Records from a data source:
================
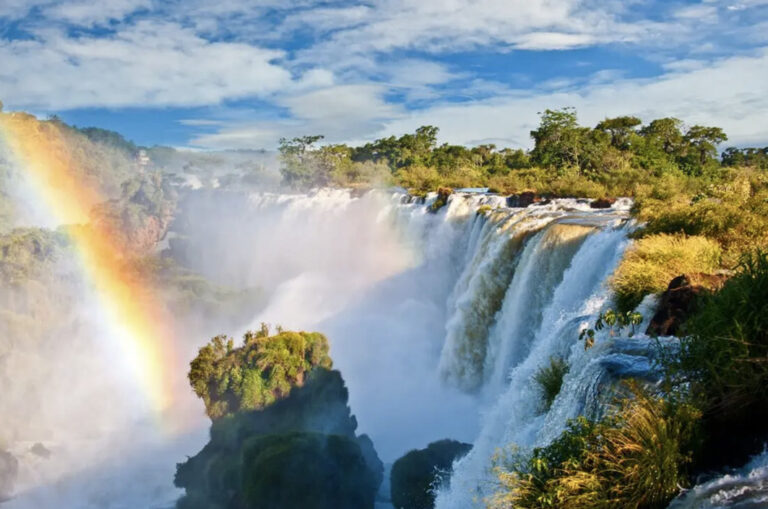 Die gigantischen Iguazú-Wasserfälle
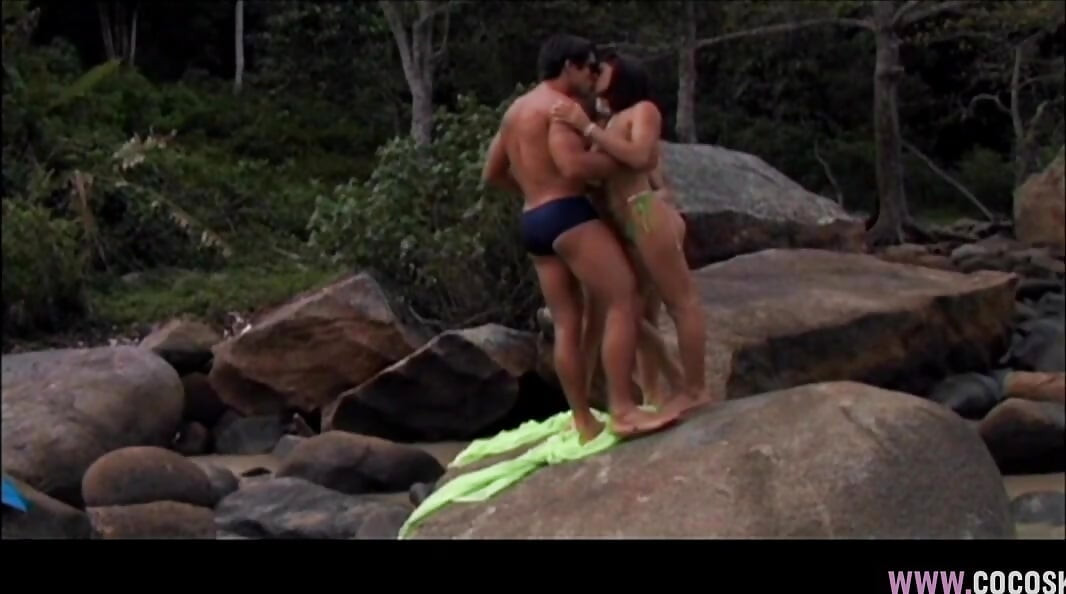 Des brunes en bikinis rose jouent avec du vert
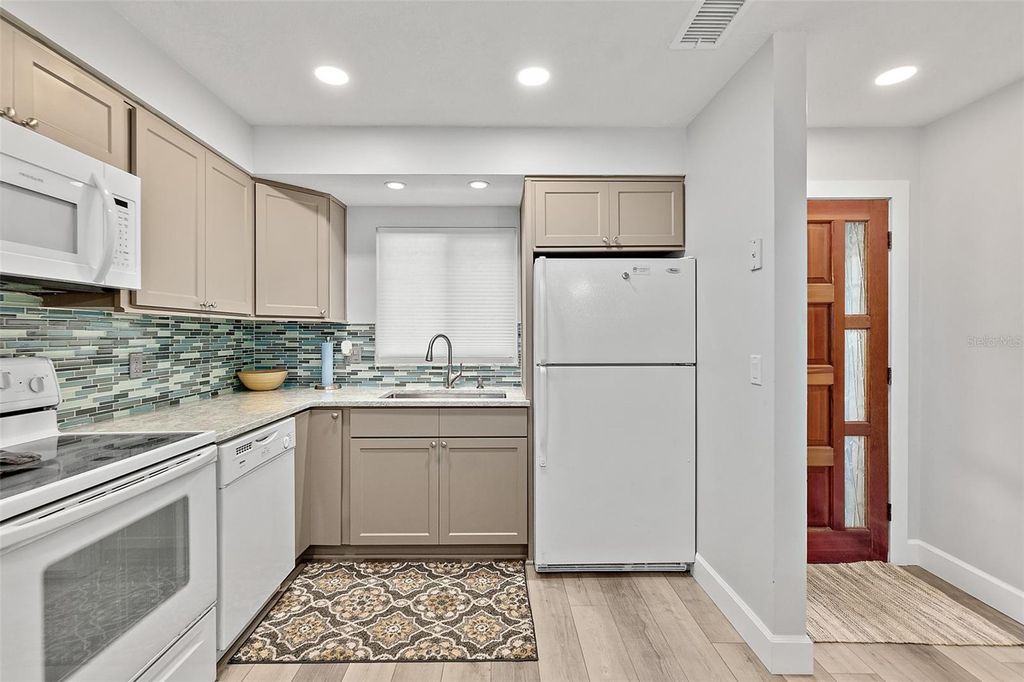 Image 8 of property listing at 809 E 14TH AVENUE, New Smyrna Beach, FL 32169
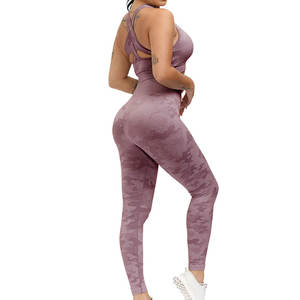 Vente en gros de vêtements de yoga et de fitness pour femmes en deux pièces, légers, de haute qualité, impression personnalisée, motif uni, ensemble de yoga - Product Image 5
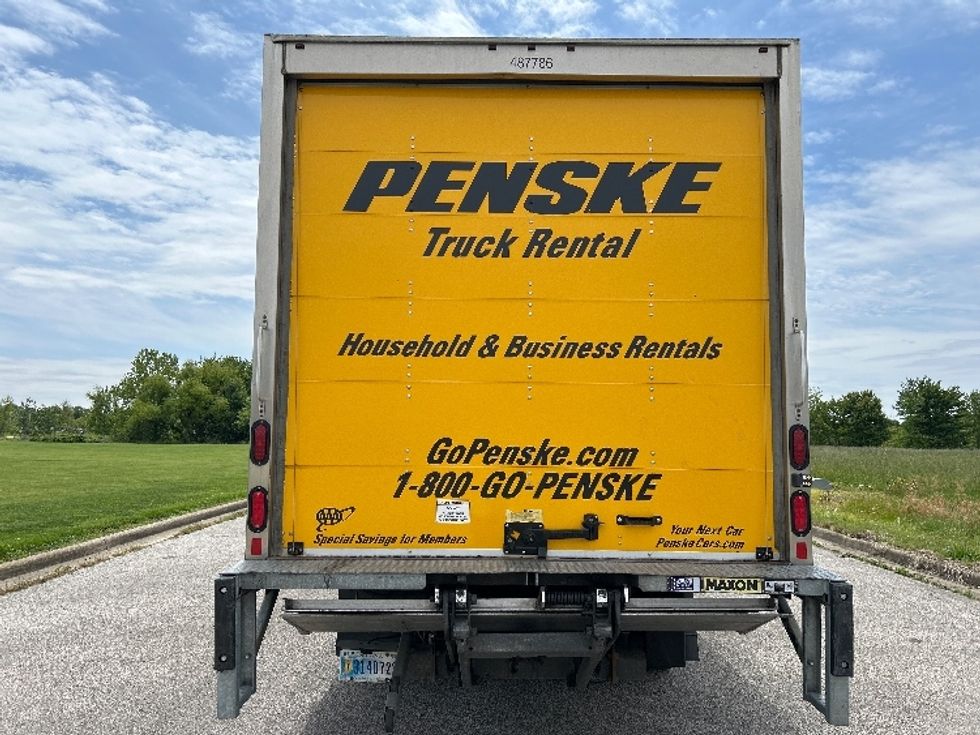 Light Duty Box Truck-Light and Medium Duty Trucks-Isuzu-2021-NPR EFI-Evansville-IN-110,609\n\t\tmiles-$ 35,250 - Image 7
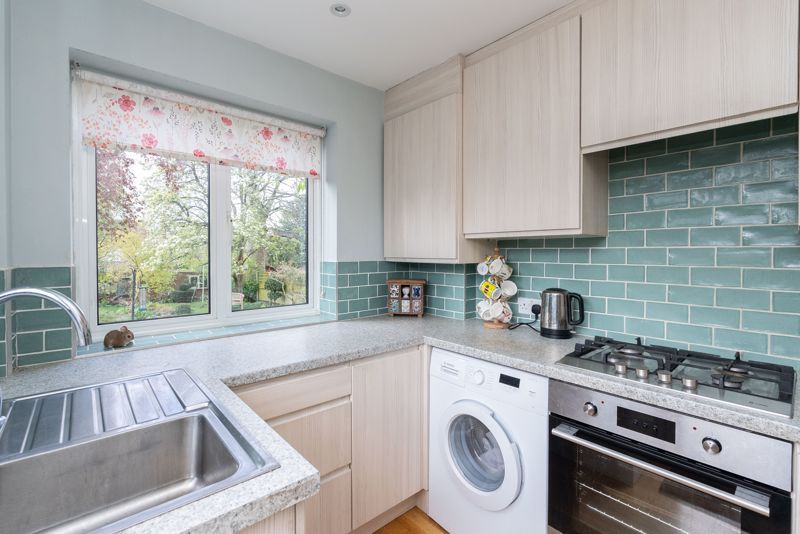 Property photo 2 of 16 Ivy Gate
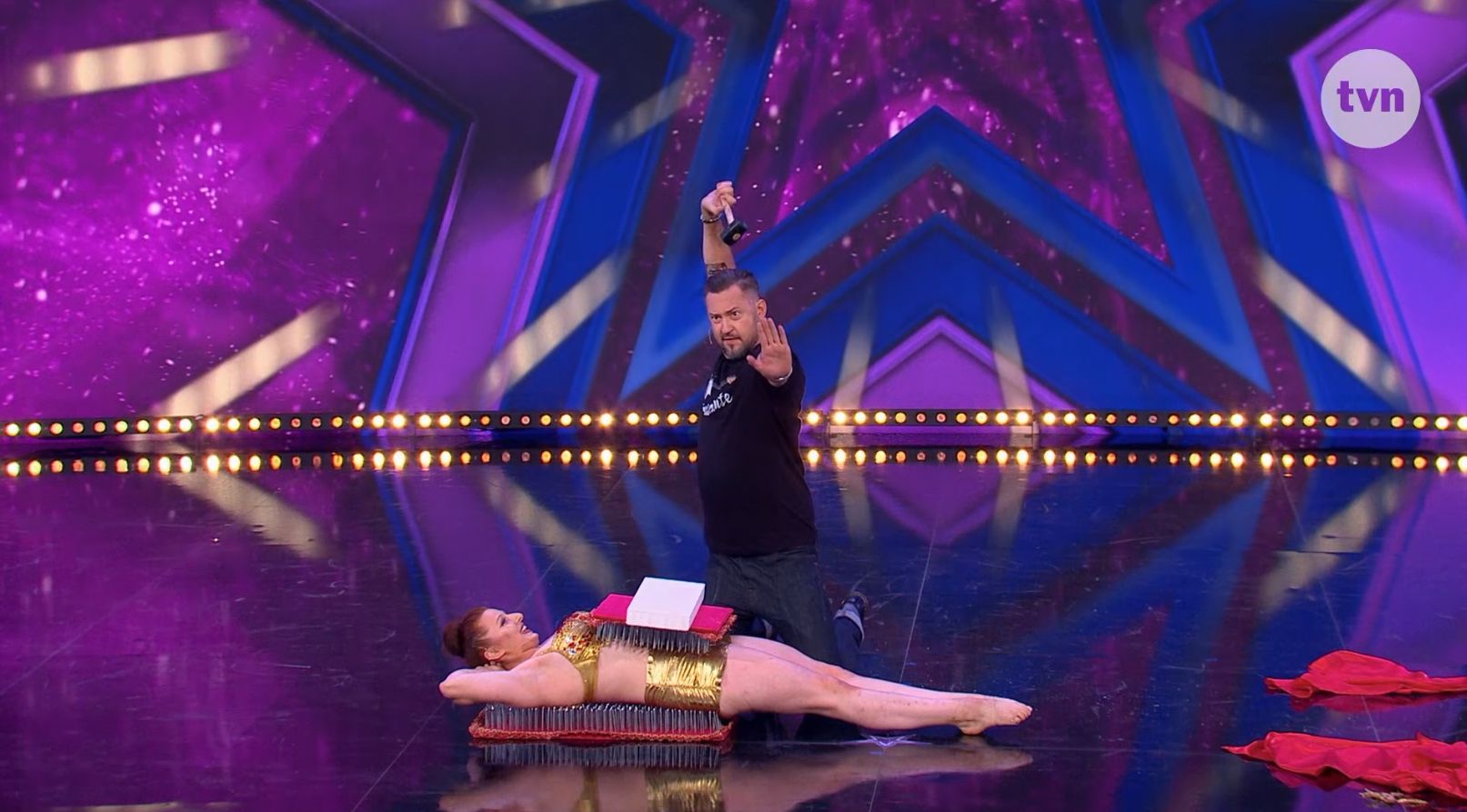 "Mam Talent": Agnieszka Chylińska podekscytowane hardcorową burleską: "Każdy lubi ten sport!"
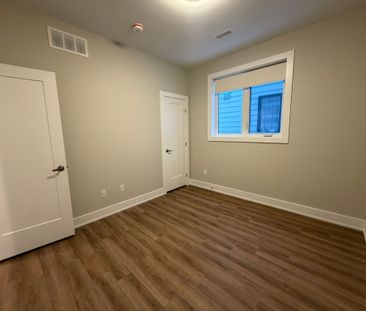 For Lease - 304 ELMGROVE Avenue Unit# 1, Westboro - Hampton Park, O... - Photo 1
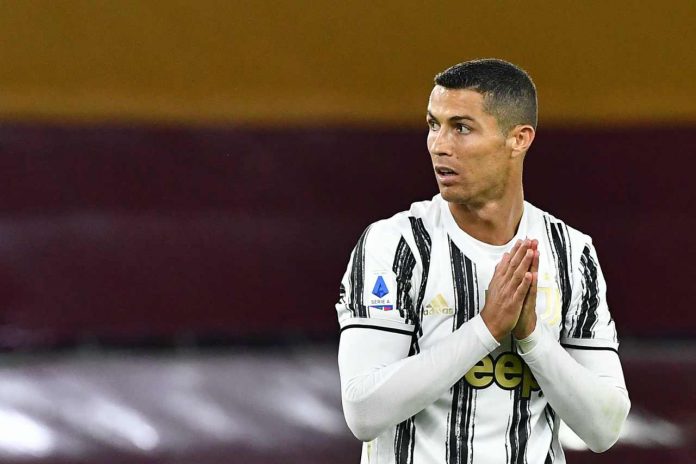 Cristiano Ronaldo (GettyImages) cristiano ronaldo tampone juve barcellona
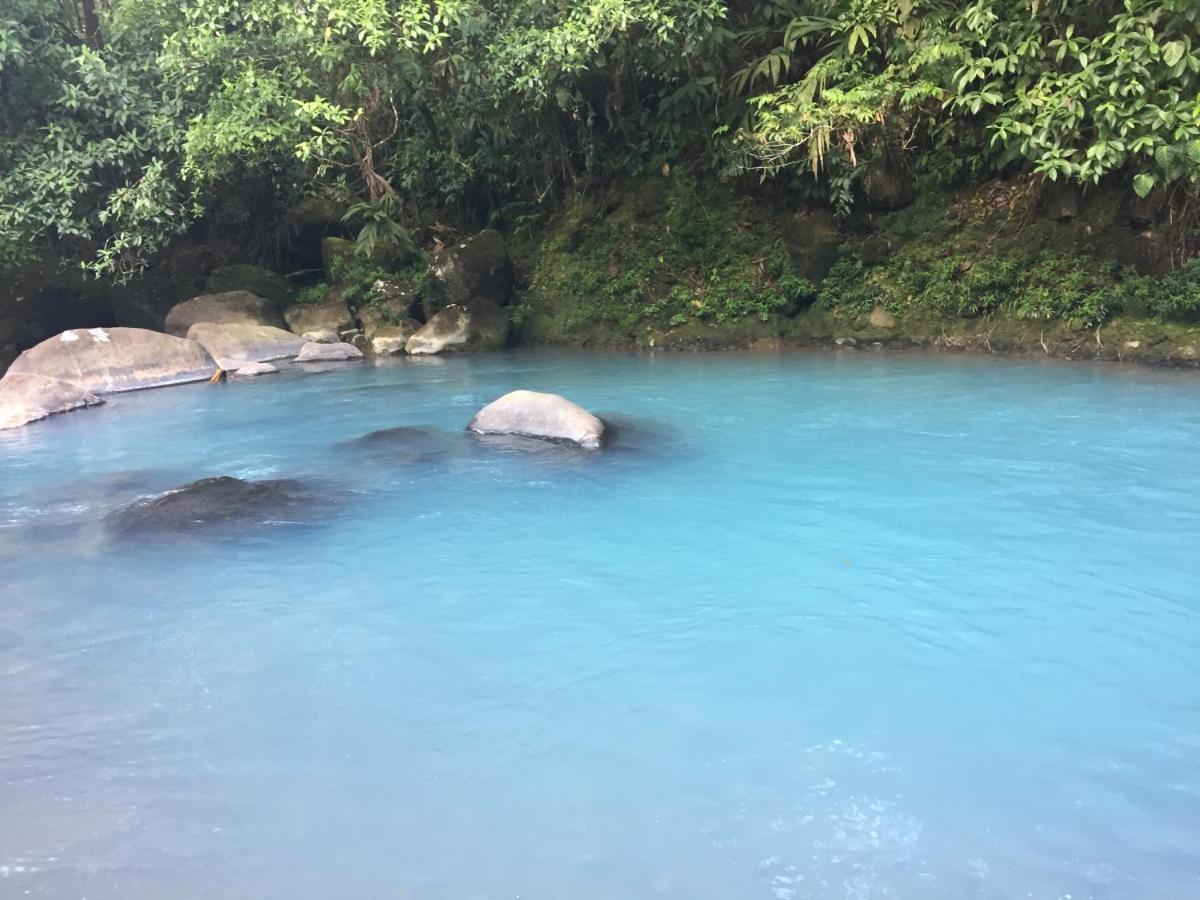 Cabinas Piuri Rio Celeste Extérieur photo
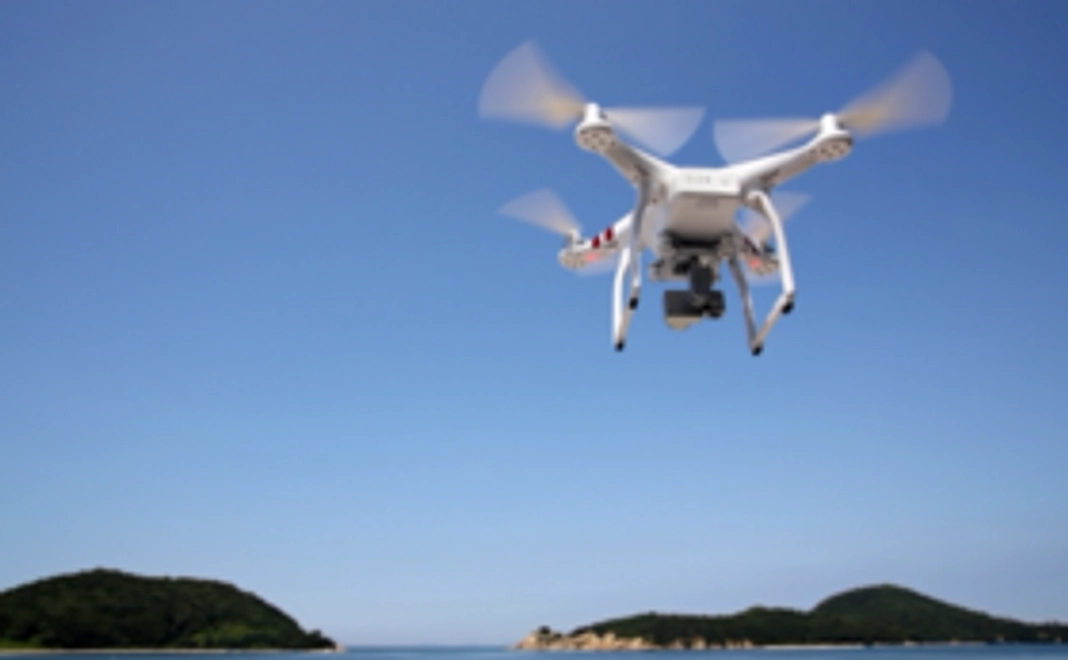 ドローンパイロット養成スクールに10,000円割引でご参加いただけます!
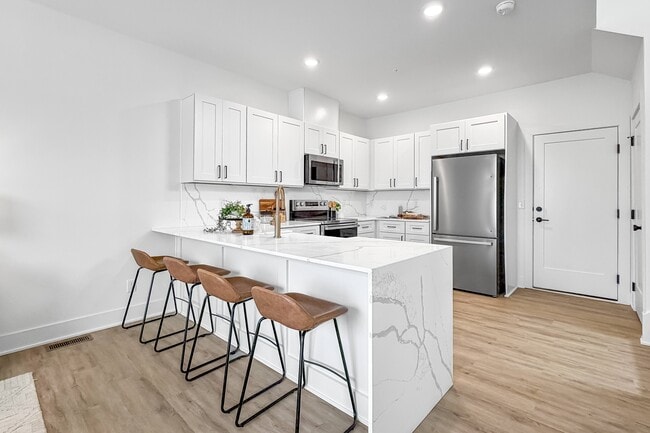 Building Photo - The Flats at West Glen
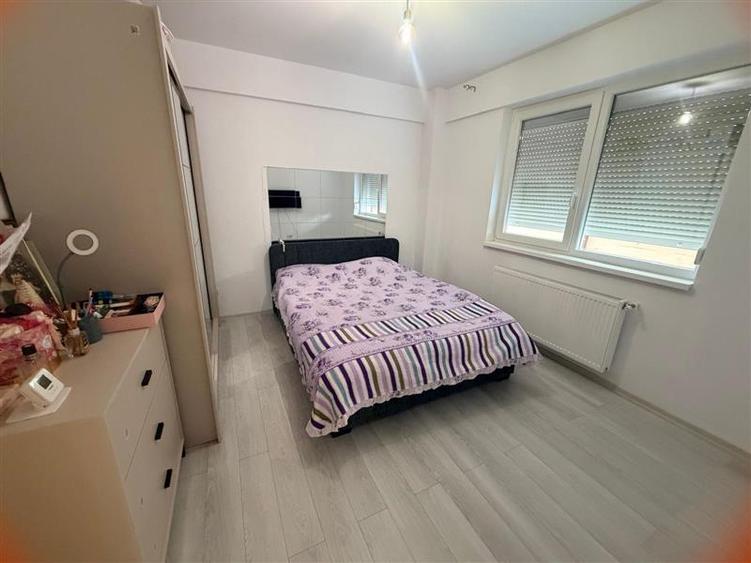 Apartament cu 2 camere decomandat în Aeroport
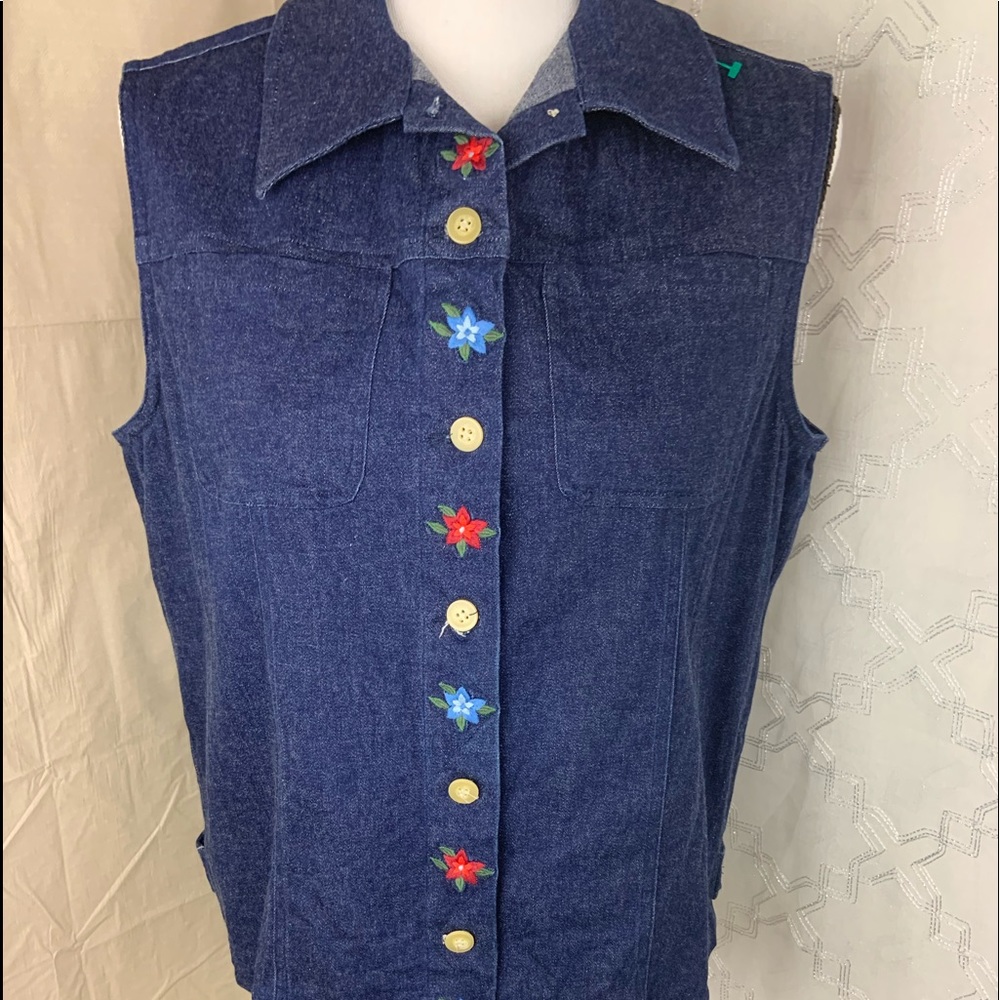 Cervelle vintage vest jean with flower embroidery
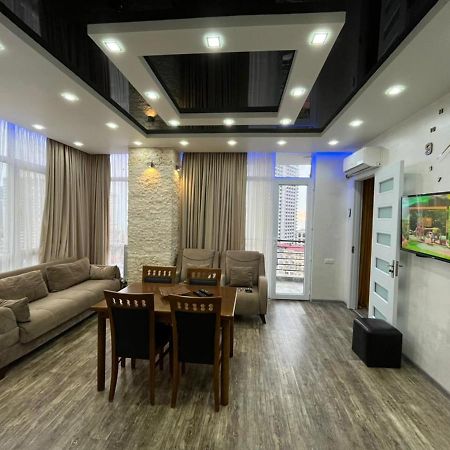 Apartament DeLux Sea View Batumi Bagian luar foto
================
Word for word, write out each line from the one with "Cabinas Piuri Rio Celeste Extérieur photo" through the end of the entries above, and omit any pictures.

**Answer:**
 Cabinas Piuri Rio Celeste Extérieur photo
 ドローンパイロット養成スクールに10,000円割引でご参加いただけます!
 Building Photo - The Flats at West Glen
 Apartament cu 2 camere decomandat în Aeroport
 Cervelle vintage vest jean with flower embroidery
 Apartament DeLux Sea View Batumi Bagian luar foto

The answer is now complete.